In mathematics, conformal geometry is the study of the set of angle-preserving (conformal) transformations on a space.

In a real two dimensional space, conformal geometry is precisely the geometry of Riemann surfaces. In space higher than two dimensions, conformal geometry may refer either to the study of conformal transformations of what are called "flat spaces" (such as Euclidean spaces or spheres), or to the study of conformal manifolds which are Riemannian or pseudo-Riemannian manifolds with a class of metrics that are defined up to scale. Study of the flat structures is sometimes termed Möbius geometry, and is a type of Klein geometry.

Conformal manifolds

A conformal manifold is a pseudo-Riemannian manifold equipped with an equivalence class of metric tensors, in which two metrics g and h are equivalent if and only if

${\displaystyle h=\lambda ^{2}g,}$

where λ is a real-valued smooth function defined on the manifold and is called the conformal factor. An equivalence class of such metrics is known as a conformal metric or conformal class. Thus, a conformal metric may be regarded as a metric that is only defined "up to scale". Often conformal metrics are treated by selecting a metric in the conformal class, and applying only "conformally invariant" constructions to the chosen metric.

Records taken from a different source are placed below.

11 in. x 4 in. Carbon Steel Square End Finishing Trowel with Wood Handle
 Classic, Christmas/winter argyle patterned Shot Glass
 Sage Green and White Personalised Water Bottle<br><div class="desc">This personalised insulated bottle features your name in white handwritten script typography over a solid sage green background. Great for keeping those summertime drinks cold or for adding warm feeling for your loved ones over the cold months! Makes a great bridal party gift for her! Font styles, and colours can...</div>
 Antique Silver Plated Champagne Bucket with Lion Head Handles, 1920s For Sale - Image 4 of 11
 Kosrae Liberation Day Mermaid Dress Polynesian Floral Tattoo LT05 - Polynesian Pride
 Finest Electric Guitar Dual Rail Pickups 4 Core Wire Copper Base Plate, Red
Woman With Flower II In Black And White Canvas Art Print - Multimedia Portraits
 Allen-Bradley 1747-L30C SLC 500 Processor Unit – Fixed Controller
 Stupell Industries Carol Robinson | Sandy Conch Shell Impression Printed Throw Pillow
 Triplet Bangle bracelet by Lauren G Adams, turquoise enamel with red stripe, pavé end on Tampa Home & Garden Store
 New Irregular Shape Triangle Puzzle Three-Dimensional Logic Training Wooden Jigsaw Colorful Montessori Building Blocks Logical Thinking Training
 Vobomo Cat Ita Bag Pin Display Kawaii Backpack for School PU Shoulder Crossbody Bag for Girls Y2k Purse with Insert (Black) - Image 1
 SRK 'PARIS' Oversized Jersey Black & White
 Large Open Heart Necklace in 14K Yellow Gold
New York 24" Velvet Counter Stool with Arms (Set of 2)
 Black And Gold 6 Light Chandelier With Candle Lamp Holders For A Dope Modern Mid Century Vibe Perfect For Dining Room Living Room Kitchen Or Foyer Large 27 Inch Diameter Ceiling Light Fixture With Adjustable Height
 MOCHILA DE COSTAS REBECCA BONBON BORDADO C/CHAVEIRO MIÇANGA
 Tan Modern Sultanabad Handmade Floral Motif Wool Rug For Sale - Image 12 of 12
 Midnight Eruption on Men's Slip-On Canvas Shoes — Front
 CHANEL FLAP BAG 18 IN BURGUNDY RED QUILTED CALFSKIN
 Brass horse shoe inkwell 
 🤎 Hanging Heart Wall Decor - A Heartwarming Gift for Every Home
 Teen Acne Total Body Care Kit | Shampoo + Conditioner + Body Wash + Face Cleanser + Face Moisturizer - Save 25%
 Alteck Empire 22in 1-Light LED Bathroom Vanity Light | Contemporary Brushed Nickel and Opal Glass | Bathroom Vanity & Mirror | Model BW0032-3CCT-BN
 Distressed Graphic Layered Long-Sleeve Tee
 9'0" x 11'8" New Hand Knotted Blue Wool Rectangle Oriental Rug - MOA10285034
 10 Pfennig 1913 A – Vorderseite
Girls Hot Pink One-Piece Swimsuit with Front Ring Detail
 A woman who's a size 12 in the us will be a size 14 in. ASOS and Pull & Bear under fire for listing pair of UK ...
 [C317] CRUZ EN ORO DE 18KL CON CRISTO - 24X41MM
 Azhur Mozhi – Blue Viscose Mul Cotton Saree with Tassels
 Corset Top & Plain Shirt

A conformal metric is conformally flat if there is a metric representing it that is flat, in the usual sense that the Riemann curvature tensor vanishes. It may only be possible to find a metric in the conformal class that is flat in an open neighborhood of each point. When it is necessary to distinguish these cases, the latter is called locally conformally flat, although often in the literature no distinction is maintained. The n-sphere is a locally conformally flat manifold that is not globally conformally flat in this sense, whereas a Euclidean space, a torus, or any conformal manifold that is covered by an open subset of Euclidean space is (globally) conformally flat in this sense. A locally conformally flat manifold is locally conformal to a Möbius geometry, meaning that there exists an angle preserving local diffeomorphism from the manifold into a Möbius geometry. In two dimensions, every conformal metric is locally conformally flat. In dimension n > 3 a conformal metric is locally conformally flat if and only if its Weyl tensor vanishes; in dimension n = 3, if and only if the Cotton tensor vanishes.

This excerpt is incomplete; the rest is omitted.